Top of DATA EXCERPTS

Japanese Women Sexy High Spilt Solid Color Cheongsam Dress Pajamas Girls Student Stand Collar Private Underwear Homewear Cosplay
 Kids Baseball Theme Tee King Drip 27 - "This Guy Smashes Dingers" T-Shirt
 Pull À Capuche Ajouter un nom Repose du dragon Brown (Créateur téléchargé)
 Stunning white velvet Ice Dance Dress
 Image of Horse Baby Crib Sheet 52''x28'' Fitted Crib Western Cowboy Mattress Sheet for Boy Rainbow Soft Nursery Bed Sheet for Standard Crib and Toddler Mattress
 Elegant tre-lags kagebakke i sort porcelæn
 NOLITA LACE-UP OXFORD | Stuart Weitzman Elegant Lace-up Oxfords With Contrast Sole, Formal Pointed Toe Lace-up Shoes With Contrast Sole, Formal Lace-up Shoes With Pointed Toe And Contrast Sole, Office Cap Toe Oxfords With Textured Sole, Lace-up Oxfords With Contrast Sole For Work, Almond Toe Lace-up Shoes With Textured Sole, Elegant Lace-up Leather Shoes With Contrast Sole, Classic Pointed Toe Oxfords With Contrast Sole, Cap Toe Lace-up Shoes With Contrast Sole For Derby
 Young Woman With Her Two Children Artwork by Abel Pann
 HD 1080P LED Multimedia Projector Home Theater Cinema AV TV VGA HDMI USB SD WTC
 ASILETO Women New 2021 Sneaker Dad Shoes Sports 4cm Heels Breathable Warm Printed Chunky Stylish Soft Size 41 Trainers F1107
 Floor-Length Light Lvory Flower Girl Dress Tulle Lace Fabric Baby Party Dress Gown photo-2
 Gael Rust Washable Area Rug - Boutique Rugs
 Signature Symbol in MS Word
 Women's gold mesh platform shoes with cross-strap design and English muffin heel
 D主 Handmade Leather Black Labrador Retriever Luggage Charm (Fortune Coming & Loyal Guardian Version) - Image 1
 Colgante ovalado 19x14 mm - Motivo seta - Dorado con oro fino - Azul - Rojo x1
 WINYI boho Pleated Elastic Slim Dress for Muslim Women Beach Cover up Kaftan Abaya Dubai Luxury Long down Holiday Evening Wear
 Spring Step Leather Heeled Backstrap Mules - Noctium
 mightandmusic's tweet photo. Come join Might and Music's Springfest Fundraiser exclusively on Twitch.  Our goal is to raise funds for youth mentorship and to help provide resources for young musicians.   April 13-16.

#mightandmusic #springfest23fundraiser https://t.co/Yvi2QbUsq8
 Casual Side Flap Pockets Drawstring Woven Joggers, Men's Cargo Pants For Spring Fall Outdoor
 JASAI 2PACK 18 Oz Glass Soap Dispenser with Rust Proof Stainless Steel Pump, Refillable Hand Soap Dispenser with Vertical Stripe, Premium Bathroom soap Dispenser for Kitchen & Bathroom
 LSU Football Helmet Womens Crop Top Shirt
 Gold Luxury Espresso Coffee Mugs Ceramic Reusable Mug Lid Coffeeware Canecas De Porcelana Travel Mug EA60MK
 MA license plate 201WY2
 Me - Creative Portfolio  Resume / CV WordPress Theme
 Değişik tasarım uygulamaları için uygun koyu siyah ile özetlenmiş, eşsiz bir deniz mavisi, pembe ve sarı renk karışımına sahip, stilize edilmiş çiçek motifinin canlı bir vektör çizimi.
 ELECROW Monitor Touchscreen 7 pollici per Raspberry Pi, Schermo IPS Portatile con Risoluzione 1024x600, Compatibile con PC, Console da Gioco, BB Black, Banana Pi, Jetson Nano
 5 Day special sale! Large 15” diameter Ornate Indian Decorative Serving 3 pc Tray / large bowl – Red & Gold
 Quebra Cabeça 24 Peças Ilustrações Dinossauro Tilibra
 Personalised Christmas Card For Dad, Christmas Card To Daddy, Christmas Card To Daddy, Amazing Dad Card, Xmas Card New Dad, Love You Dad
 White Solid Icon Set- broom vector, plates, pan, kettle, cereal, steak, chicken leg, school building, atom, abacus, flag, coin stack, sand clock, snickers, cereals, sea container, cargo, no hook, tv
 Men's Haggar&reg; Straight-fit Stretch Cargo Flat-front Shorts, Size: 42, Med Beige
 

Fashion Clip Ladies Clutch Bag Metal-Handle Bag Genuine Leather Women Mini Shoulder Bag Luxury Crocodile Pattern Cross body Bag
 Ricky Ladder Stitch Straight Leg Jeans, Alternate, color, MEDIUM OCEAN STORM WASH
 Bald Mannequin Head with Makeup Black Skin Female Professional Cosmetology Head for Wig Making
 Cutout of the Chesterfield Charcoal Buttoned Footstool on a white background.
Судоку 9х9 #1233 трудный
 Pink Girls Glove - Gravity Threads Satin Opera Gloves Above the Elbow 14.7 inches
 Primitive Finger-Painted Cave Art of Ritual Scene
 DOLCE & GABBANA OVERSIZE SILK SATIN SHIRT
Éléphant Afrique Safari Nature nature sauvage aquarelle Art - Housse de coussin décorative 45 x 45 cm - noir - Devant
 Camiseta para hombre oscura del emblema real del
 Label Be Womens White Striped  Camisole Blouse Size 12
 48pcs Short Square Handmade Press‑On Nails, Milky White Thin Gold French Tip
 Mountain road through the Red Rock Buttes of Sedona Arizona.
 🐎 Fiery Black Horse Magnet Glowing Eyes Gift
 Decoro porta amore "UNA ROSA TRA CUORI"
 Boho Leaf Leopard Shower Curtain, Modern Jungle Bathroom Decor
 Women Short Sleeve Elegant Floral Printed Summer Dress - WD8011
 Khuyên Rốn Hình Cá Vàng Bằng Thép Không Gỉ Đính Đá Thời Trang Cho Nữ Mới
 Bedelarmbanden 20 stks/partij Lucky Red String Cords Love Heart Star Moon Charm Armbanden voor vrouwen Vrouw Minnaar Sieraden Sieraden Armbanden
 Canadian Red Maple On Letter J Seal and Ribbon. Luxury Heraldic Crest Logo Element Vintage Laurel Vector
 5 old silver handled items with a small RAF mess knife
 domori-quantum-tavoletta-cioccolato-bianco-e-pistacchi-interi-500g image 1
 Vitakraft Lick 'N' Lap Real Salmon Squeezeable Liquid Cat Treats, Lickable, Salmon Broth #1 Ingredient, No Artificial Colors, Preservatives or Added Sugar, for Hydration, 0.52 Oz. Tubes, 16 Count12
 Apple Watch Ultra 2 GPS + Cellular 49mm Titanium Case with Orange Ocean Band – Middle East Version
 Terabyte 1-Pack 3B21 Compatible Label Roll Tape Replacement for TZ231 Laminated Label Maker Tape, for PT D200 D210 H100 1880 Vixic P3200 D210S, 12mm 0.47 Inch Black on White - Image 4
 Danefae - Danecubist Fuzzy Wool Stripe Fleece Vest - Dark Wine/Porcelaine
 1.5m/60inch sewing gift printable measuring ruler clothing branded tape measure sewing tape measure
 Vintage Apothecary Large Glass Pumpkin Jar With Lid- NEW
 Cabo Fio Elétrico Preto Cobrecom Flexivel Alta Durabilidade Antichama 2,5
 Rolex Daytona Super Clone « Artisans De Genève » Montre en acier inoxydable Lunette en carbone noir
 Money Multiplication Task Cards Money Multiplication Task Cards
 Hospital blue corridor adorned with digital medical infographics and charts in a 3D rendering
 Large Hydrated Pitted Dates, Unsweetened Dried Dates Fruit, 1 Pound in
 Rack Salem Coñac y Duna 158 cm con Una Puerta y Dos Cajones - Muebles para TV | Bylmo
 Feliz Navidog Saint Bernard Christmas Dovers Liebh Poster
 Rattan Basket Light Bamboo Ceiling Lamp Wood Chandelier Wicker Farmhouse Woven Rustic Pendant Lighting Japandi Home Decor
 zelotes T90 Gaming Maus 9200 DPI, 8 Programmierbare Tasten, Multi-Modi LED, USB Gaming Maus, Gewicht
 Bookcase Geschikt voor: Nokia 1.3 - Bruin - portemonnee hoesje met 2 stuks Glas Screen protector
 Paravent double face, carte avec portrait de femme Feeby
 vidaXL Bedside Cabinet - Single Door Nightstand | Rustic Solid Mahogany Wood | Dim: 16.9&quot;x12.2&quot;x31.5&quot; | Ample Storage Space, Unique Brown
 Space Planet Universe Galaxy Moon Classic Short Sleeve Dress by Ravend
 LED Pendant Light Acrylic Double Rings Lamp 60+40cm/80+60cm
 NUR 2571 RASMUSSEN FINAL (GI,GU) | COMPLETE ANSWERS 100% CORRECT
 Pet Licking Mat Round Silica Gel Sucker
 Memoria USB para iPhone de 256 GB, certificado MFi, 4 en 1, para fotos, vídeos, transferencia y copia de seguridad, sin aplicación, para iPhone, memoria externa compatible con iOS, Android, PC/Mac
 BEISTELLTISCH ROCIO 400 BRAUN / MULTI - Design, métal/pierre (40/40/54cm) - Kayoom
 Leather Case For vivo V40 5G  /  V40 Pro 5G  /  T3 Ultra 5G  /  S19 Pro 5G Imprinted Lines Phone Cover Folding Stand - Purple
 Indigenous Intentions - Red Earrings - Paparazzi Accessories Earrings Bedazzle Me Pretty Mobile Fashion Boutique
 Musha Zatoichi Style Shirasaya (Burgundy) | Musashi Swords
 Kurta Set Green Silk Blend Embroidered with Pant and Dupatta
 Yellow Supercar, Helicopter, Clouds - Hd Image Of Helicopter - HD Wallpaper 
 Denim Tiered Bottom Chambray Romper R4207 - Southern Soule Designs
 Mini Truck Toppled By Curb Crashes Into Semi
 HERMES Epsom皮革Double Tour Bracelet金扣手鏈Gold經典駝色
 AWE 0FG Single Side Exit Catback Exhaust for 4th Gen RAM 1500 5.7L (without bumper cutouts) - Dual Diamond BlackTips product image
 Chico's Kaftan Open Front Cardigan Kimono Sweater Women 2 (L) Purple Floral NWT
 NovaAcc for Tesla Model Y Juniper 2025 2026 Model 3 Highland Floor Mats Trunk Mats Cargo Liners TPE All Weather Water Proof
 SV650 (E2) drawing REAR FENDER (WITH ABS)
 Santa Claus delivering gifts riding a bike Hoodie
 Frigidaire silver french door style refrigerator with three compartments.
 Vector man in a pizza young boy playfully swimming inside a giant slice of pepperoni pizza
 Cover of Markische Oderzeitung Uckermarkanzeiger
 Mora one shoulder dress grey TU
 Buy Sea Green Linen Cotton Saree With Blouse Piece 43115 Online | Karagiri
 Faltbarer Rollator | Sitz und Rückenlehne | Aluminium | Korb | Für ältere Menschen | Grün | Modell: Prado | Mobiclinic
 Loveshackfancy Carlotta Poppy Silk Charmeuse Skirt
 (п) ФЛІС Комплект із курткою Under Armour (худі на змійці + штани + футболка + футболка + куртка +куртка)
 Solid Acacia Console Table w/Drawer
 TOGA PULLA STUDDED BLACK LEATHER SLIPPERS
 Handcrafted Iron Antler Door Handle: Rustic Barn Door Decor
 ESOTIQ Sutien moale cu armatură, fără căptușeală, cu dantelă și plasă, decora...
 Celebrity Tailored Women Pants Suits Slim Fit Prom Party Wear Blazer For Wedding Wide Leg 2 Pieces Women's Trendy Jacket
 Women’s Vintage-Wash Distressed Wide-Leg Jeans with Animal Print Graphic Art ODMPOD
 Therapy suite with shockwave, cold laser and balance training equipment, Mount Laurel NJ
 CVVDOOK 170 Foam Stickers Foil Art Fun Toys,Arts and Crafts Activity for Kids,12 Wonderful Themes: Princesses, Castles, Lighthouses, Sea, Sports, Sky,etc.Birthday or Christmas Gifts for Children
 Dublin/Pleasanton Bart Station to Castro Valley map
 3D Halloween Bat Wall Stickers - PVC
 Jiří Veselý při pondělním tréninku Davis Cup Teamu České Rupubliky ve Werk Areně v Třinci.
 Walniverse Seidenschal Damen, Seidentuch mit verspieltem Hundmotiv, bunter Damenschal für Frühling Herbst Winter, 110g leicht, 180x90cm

Bottom of DATA EXCERPTS

=== ASSIGNMENT ===
Reproduce only the lines above spanning from the line containing "48pcs Short Square" through the line containing "5 old silver", word for word.

=== RESPONSE FOR THIS EXERCISE ===
 48pcs Short Square Handmade Press‑On Nails, Milky White Thin Gold French Tip
 Mountain road through the Red Rock Buttes of Sedona Arizona.
 🐎 Fiery Black Horse Magnet Glowing Eyes Gift
 Decoro porta amore "UNA ROSA TRA CUORI"
 Boho Leaf Leopard Shower Curtain, Modern Jungle Bathroom Decor
 Women Short Sleeve Elegant Floral Printed Summer Dress - WD8011
 Khuyên Rốn Hình Cá Vàng Bằng Thép Không Gỉ Đính Đá Thời Trang Cho Nữ Mới
 Bedelarmbanden 20 stks/partij Lucky Red String Cords Love Heart Star Moon Charm Armbanden voor vrouwen Vrouw Minnaar Sieraden Sieraden Armbanden
 Canadian Red Maple On Letter J Seal and Ribbon. Luxury Heraldic Crest Logo Element Vintage Laurel Vector
 5 old silver handled items with a small RAF mess knife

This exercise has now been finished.